Cobéguit (Cobequid being the English appellation) is the French interpretation given to the Mi’kmaq word “Wecobeguit” which means “the bay that goes far”, in reference to the impressive phenomenon of the tidal range which is the difference in level between the successive levels of a high tide and a low tide. The higher the vertical drop, the further the body of water goes. Long before the arrival of Europeans on the shores of Wecobeguit and without knowing that the tidal range varies in time and space depending on several parameters, the most important of which being the celestial bodies (the Sun, the Moon and the planets) and geography (ocean basin), the Mi’kmaqs knew well how to name the site properly. According to Mi’kmaq legend, the tidal phenomenon was explained by the proportionate dance of a giant whale which agitates the waters of the Bay of Fundy (originally baie Française). Geographically, Cobequid Bay (formerly baie Cobéguit) is located at the head of the Minas Basin which is the extension of the Bay of Fundy which in turn is an arm of the sea. It is in Cobequid Bay that the world’s largest tidal waves occur to the admiration of all visitors. Tides of 16 meters (53 feet) can be observed. They fascinated Mathieu Martin, lord and founder of Cobequid (now Truro).

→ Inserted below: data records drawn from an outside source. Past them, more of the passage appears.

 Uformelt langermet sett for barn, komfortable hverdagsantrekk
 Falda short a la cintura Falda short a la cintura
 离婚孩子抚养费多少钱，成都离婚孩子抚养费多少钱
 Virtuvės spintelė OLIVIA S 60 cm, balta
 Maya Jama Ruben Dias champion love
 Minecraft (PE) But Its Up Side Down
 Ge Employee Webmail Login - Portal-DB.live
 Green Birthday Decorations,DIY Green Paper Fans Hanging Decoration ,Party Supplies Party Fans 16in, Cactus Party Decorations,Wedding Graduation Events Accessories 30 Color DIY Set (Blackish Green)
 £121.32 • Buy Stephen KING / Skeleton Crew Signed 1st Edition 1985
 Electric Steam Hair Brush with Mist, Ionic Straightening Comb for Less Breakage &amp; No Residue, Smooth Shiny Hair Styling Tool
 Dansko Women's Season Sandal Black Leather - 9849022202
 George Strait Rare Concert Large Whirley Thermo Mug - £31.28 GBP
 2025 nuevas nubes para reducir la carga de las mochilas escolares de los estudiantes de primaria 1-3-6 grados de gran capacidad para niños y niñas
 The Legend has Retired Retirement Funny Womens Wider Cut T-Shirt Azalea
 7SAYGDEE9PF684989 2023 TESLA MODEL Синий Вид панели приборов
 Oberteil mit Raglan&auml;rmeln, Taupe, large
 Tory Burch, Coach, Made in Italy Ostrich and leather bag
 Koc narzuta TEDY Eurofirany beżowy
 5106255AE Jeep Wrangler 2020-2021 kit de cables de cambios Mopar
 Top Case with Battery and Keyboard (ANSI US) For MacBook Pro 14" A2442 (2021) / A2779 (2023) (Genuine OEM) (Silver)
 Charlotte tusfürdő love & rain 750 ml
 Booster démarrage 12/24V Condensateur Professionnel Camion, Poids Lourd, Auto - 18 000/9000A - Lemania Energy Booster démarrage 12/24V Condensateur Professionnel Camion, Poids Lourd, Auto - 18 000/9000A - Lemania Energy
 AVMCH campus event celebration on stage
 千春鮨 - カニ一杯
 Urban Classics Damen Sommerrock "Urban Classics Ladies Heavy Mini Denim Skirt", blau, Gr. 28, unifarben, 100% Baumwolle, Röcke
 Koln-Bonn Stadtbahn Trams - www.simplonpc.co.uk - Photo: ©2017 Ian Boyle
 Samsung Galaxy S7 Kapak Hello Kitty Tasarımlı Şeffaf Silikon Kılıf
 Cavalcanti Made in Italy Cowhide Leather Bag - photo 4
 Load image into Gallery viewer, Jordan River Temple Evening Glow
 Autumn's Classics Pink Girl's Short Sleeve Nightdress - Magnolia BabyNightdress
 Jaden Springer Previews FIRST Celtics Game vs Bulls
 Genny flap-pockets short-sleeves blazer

On March 28, 1689 four leagues (19.2 kilometers) of coastline on Cobequid Bay, located at the eastern end of the Minas Basin, were granted as a seigneurial fief to Mathieu Martin, a weaver from Port-Royal. According to the deed of concession of St. Mathieu Seigneury, Mathieu Martin was “the first (child) born in Acadia among the country’s French”. We know that Lord Martin received his school education at the Father Recollets’ school in Port-Royal and that he operated a post to trade with the Mi’kmaqs in the estuary of the Wecobeguit River (today the Salmon River flowing through Truro).
St. Mathieu Seigneury
St. Mathieu Seigneury’s first tenants arrived towards the end of the 17th century. According to the 1701 census these were the families of Jérôme Guérin, Martin Blanchard, and Martin Bourg, who came from Port-Royal. One of Martin Bourg’s brothers, named Jean, was the husband of Marguerite, sister of Mathieu Martin. Then, prior to the 1707 census, fourteen new families joined the seigneury. Nine of these families were related to Martin Bourg, so that two thirds of the tenants were related directly or indirectly to the Bourg family, but also to that of the Lord himself. We can clearly see here the influence that parental relationships exerted on the settlement of the Acadian seigneuries. Seven years later, according to the 1714 census, Mathieu Martin, then aged 79, still lived in his fiefdom. According to legend he lived there until the end of his life.
In 1748, the parish of St. Peter & St. Paul was recognized as “the principal seat” of Cobequid, surrounded by approximately a hundred families. The church and its cemetery stood in the field somewhere between the blue panel (photo) and the coastline. In fact, the British soldiers burned all buildings, including the church (thus destroying all of the parish registers) to discourage the return of the Acadians.
More precisely, with regard to the expulsion of the parishioners of St. Peter & St. Paul during the Great Upheaval of 1755, opinions vary. Thomas Miller, a researcher-writer, reports in his book on the early settlers of Colchester County that most people were evicted on three carrier vessels. In contrast, the diary of Colonel John Winslow (responsible for the evictions) indicates that Captain Lewis and a number of soldiers sent to Cobequid expected to find two to three hundred Acadians there. But when they arrived, the area had been evacuated. British forces remained in the area from September 23 to 26, setting the buildings on fire. Only two barns near Clifton on the county’s western flank did escape the flames.